But just as important to note, even if you use the best possible setup and have all the nodal points for your body and lens combinations, to get optimal results you must use fully manual setup in the camera - manual focus, manual white balance, and manual setting (not Av or Tv). Prepare the settings off the part of the image you want perfectly exposed (the rest will generally be very close, but may be slightly over- or under-exposed in a stand-alone image) and you will have far less post-processing issues, and the quality of the final image will be improved. If you don't do this, you can end up with light banding and areas of softness in the overlapping regions.

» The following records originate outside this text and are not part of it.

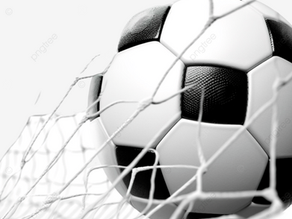 REZULTĀTI MINIFUTBOLĀ LSVS Pašvaldību 62. sporta spēlēs Jelgavā 05.07.2025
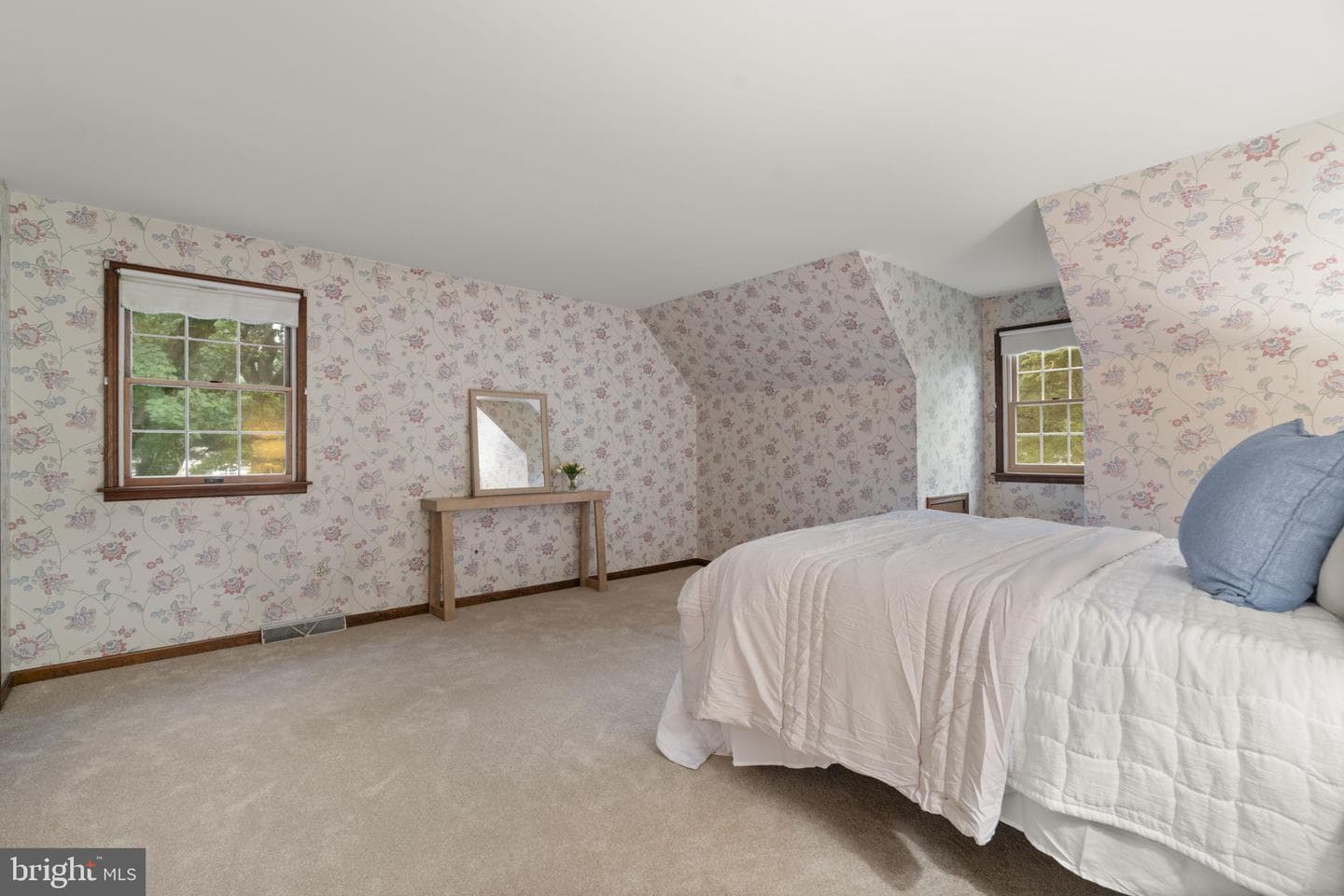 10054 Green Clover Drive photo 33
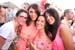 %papeete beach%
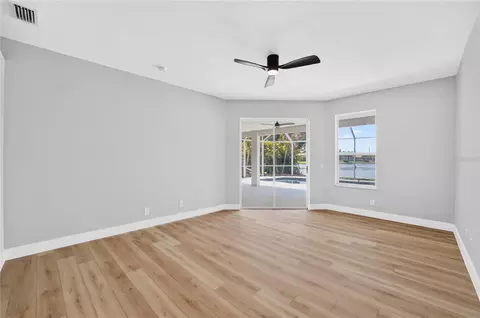 Other - 572 Oceanside Blvd, Indialantic, FL 32903 photo 5 of 12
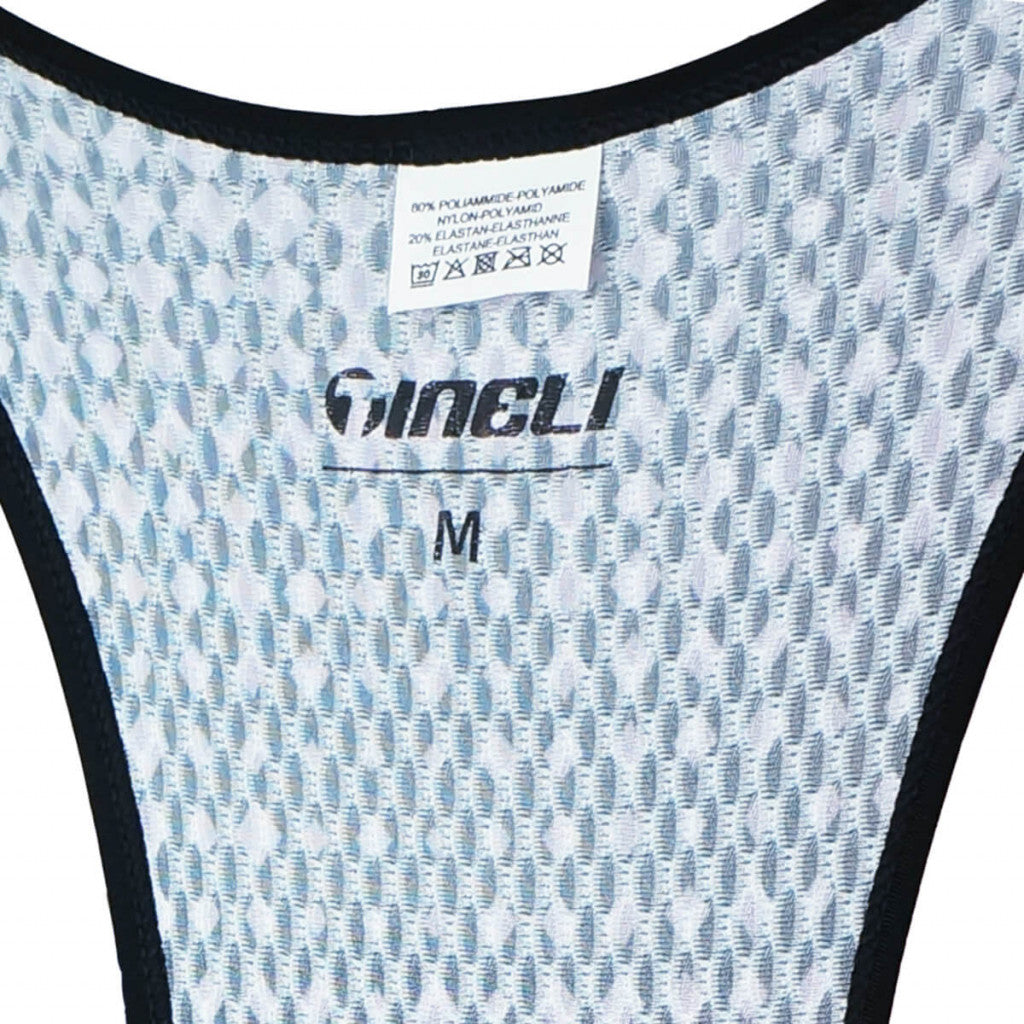 Tineli Carbone Pro Elite Core Bibs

If I'm doing landscapes with only distant objects, I will occasionally do hand-held panoramas as the "errors" are far less obvious, but I still use a fully manual setup in the camera.

Hope this helps.

Stitching is a good way to get those extra mps into a landscape. I have to laugh when I hear that a high mps body is the only way. So shoot in portrait and stitch. Far more detail in a 5x 5DII than a single D800 image

Too true. I am a landscape photographer and stitching portrait images is my preferred method when I require/desire "large" prints (upward of 36" - I have a few at 4500x13500=60.75mpix). By stitching and cropping, you can actually get a better resolved image as well as you are predominantly using the centre area of the lens (based on MTF charts).
The only time this falls over is when you have moving elements in the image, such as seascapes which I also do quite a bit, where I wish I had a big mpix sensor for a one-shot and then cropped panoramic image. Then again, any softness in the corners/edges may change my mind.